As you have probably noticed, we are absolutely addicted to snorkeling at the Great Barrier Reef, with its magical sights and endless discoveries. We have done dozens and dozens of snorkels and never tire of the experience, and we hope you don’t grow tired of our posts.
We feel so privileged to be out there and are amazed at the health of the reef in the areas we have visited to date. It seems the damage to the reef is more localised than we expected. But we are very much aware it is all very fragile and we cannot be complacent.
Take Flynn Reef for example, where we have spent three days: there are areas of rubble, more so than at Milln Reef, but it appears to be storm damage rather than bleaching or crown of thorn starfish predation.
Flynn Reef is one of the outer most reefs on the edge of the continental shelf and the Coral Sea Trench. Because of its location, it feels remote, wild; it feels deep and immense; it feels different to any other reef we have been to with its great visibility and dramatic underwater seascapes.
It is the sheer size of what you are navigating through that seems most striking here: huge boulder corals, terraces of coral plates, deep trenches, big drops, and all surrounded by deeper water.
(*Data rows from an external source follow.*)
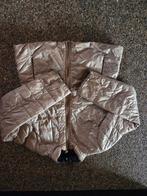 LIU JO jasje maat 140. Van 2 kanten te dragen., Kinderen en Baby's, Kinderkleding | Maat 140, Ophalen of Verzenden, Zo goed als nieuw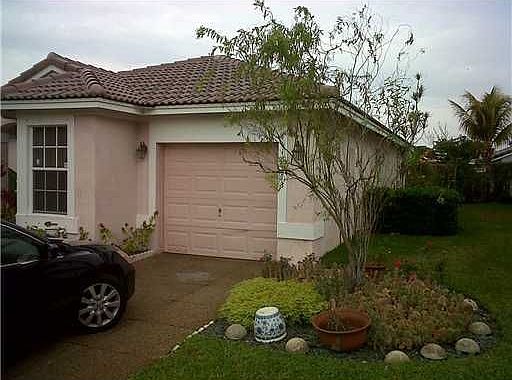 1st image of 16573 NW 23rd St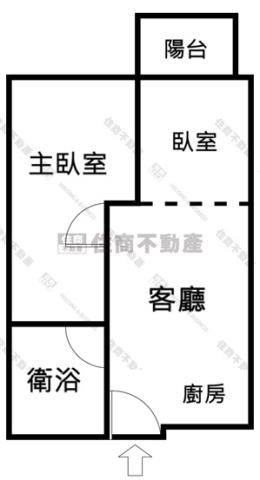 前鎮大樓-14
You do have to dive down further, but it is so worth the effort. And the water is so blue and so clear!
It is brimming with colour and fish: large schools patrolling the trenches, a greater variety of fish of all sizes, many we had not seen before.
Have a look at these. First, a few of the species that were new to us. Click on the first image to display in full screen slide show and to see the name of the species.
And we still like the old favourites, even if we see them often:
We were the only yacht at Flynn Reef. Two or three dive boats visited there for a few hours but moved on. We dived in different spots each day, we fished, we cleaned the hulls, sea birds came to rest on Anui, we washed their droppings off the deck, Wade caught a large coral trout on the line – so tasty and it fed us for four meals!
It felt a little eerie at night, knowing we were alone out in the middle of the ocean, with the wind through the rigging, the water slapping at the hulls and the constant movement. But that is part of the reef experience. We felt safe, being on a public mooring, despite less than ideal conditions.